Titles 34: 1895–1896, 1896–1897, 1899–1900, 1900–1901, 1902–1903, 1903–1904, 1905–1906, 1906–1907, 1908–1909, 1910–1911, 1922–1923, 1923–1924, 1924–1925, 1925–1926, 1926–1927, 1928–1929, 1929–1930, 1931–1932, 1935–1936, 1936–1937, 1937–1938, 1938–1939, 1945–1946, 1947–1948, 1952–1953, 1955–1956, 1956–1957, 1960–1961, 1967–1968, 1969–1970, 1973–1974, 1974–1975, 1978–1979, 1979–1980.

===War of the Roses===

Titles 44

===International Results===
Source:

| Date | Opposition | Result | Venue | Attendance | Tour |
| 18 January 1908 | New Zealand | 20–4 | Watersheddings, Oldham | 6,500 | 1907–08 All Golds tour |
| 25 November 1908 | Australia | 6–20 | Central Park, Wigan | 4,000 | 1908–09 Kangaroo tour |
| 8 March 1909 | Australia | 19–14 | Wheater's Field, Broughton | 4,000 |
| 2 October 1911 | AUS NZL Australasia | 12–25 | Ewood Park, Blackburn | 5,000 | 1911–12 Kangaroo tour |
| 30 November 1921 | AUS NZL Australasia | 6–29 | Goodison Park, Everton | 17,000 | 1921–22 Kangaroo tour |
| 14 December 1921 | AUS NZL Australasia | 8–6 | Wilderspool, Warrington | 6,000 |
| 3 January 1927 | New Zealand | 28–3 | Leigh | 7,000 | 1926–27 Kiwis tour |
| 26 September 1929 | Australia | 14–26 | Wilderspool, Warrington | 24,000 | 1929–30 Kangaroo tour |
| 20 September 1933 | Australia | 7–33 | Wilderspool, Warrington | 16,576 | 1933–34 Kangaroo tour |
| 29 September 1937 | Australia | 7–5 | Wilderspool, Warrington | 16,250 | 1937–38 Kangaroo tour |
| 11 October 1939 | New Zealand | C–C | Wilderspool, Warrington | N/A | 1939 Kiwis tour |
| 8 December 1948 | Australia | 13–8 | Central Park, Wigan | 11,788 | 1948–49 Kangaroo tour |
| 22 November 1951 | New Zealand | 13–12 | Warrington | 7,000 | 1951 Kiwis tour |
| 30 November 1952 | Australia | 11–36 | Wilderspool, Warrington | 5,863 | 1952–53 Kangaroo tour |
| 12 October 1955 | New Zealand | 15–17 | Station Road, Swinton | 6,859 | 1955 Kiwis tour |
| 23 September 1959 | Australia | 30–22 | Knowsley Road, St. Helens | 15,743 | 1959–60 Kangaroo tour |
| 13 September 1961 | New Zealand | 15–13 | Wilderspool, Warrington | 9,332 | 1961 Kiwis tour |
| 25 September 1963 | Australia | 13–11 | Central Park, Wigan | 15,068 | 1963–64 Kangaroo tour |
| 30 November 1967 | Australia | 2–14 | The Willows, Salford | 9,369 | 1967–68 Kangaroo tour |
| 14 October 1987 | Papua New Guinea | 22–22 | Knowsley Road, St Helens | 4,202 | 1987 Kumuls tour |

==NCL team==
In 2010, an amateur Lancashire representative team, selected from the National Conference League (tier 4 of the British rugby league system), played a friendly against Malta.

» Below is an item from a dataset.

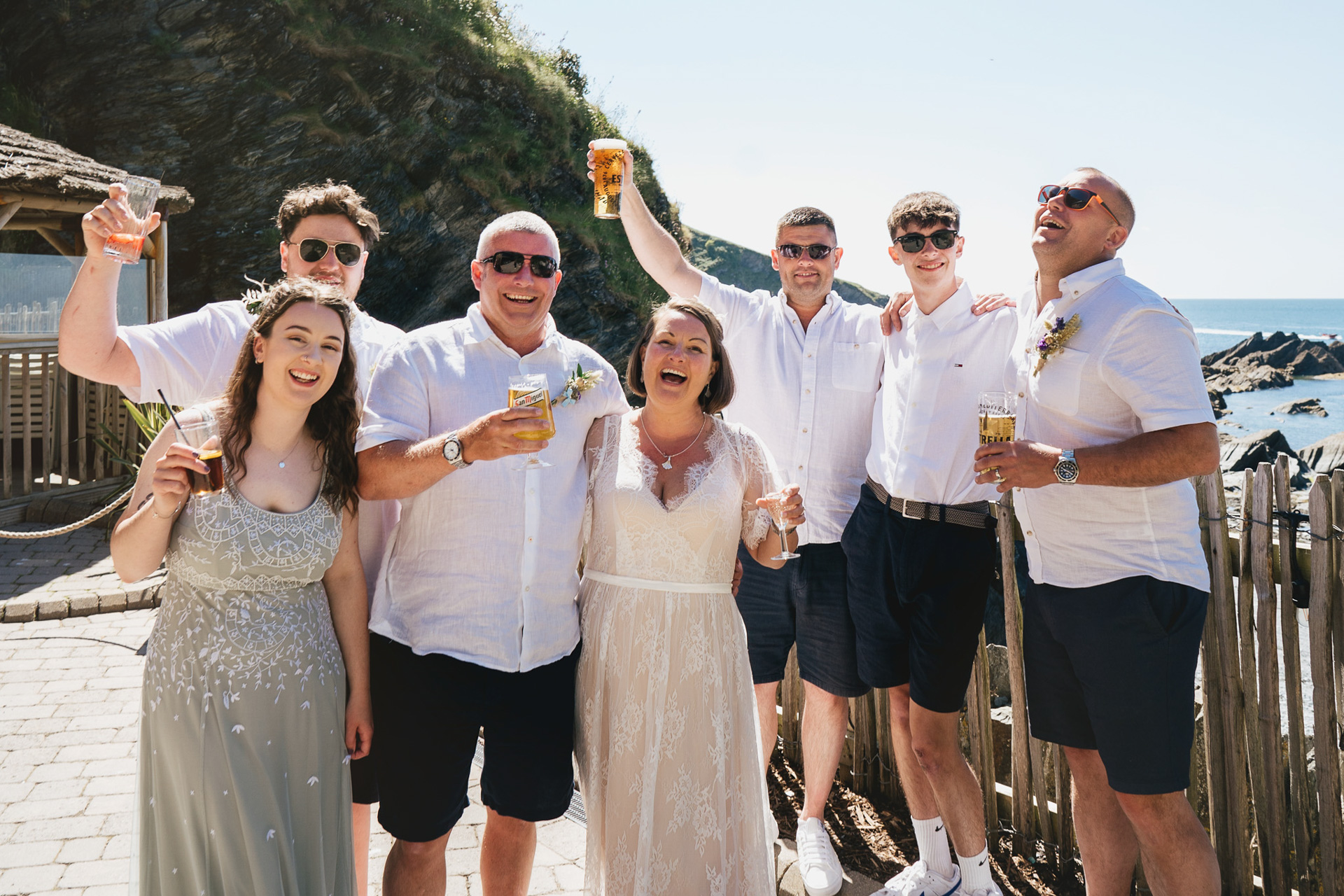 A bride and groom with family all raising glasses and smiling at the camera in a relaxed group wedding photo at Tunnels Beaches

| Date | Opposition | Result | Venue |
|---|---|---|---|
| 17 October 2010 | Malta | 62–0 | Victor Tedesco Stadium, Ħamrun, Malta |

==Women's team==
The Lancashire women's teams was set up in 2014 for a pilot Origin competition with the aim to help develop the England women's national rugby league team. The pilot was deemed a success, and saw the team return for 2015 played as an annual fixture until 2020. In 2024, the origin fixture returned and formed part of the England selection process.

===Current Team===
For 2024

Emily Baggaley (St Helens), Grace Banks (Wigan Warriors), Leah Burke (St Helens), Mary Coleman (Wigan Warriors), Jodie Cunningham (St Helens), Anna Davies, Eva Hunter, Molly Jones (all Wigan Warriors), Zoe Harris, Tara Jones, Katie Mottershead (all St Helens), Eboni Partington (York Valkyrie), Isabel Rowe (Wigan Warriors), Emily Rudge, Lucy Sams, Beri Salihi, Erin Stott, Georgia Sutherland (all St Helens), Tara Jane Stanley (York Valkyrie), Amy Taylor, Paige Travis, Megan Williams, Vicky Whitfield (all St Helens).